When I was a beginner and I saw an error in an article, I corrected it. Later I saw another error and corrected it, too. Nowadays, I read the whole article before saving, so I do the same work in only one edit. Statistics, nevertheless, believe that I am only half as productive as I have been before.

Most vandals are young people. The demographic evolution in the rich countries leads to less young people. Less young people, less vandalism, less edits?

Wikipedia once has been a project to create an encyclopedia. It now is an already existing encyclopedia. Writing articles (and fighting about them) causes more edits than maintaining them.

So, obviously there are fewer edits. I don’t know what that means. Maybe it is no cause for worrying at all.

What are ‘foreign helpers’?

Wikimedia Statistics have a site map that presents you a list of all language editions of Wikipedia. You can sort them, for example, by “Participation: Editors (5+) per million speakers”. What will be the result?
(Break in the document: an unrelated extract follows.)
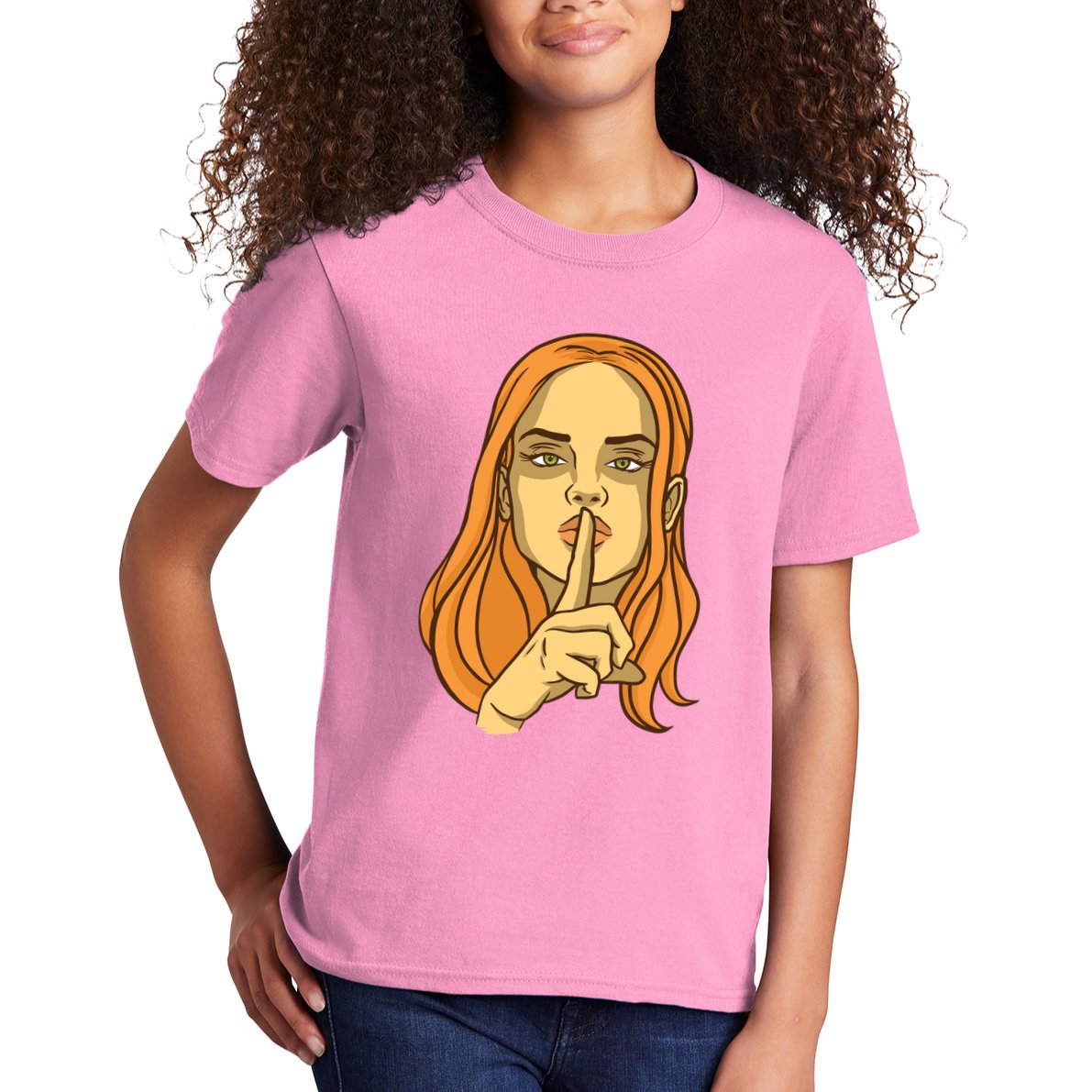 Woman Sushing Kids T-Shirt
The language editions who are on top of that list share one trait: They have a lot of ‘foreign helpers’. A foreign helper is someone who edits a Wikipedia language edition but who is not capable to write in that language.

Take Aragonese, quite high on that list, and have a look at Categoría:Usuario an. There is an impressive number of Wikipedians who indicate Aragonese (an) on their user page, but most of them have an-0, an-1 and an-2. They do not speak Aragonese or only to a limited extent.

Why do they have a user page on Aragonese Wikipedia then? Because they are from other regions of Spain but love Aragonese. Because they are Wikimedia activists who have to communicate to many language editions. Because they take photographs and put them into the articles in question, in all language editions where they exist.

Those people with an user page do not necessarily make five edits a month (= active user) but the trend is obvious: If a lot of your edits are made by foreign helpers then it seems that there are a lot of editors per million speakers. (The linguistic community being very small.)

Other language editions of this kind are Saterland Frisian (supported by Dutch Frisians) and Icelandic (supported by other Scandinavians). And, of course, most prominent is Volapük Wikipedia, a constructed language spoken by less than thirty people in the world.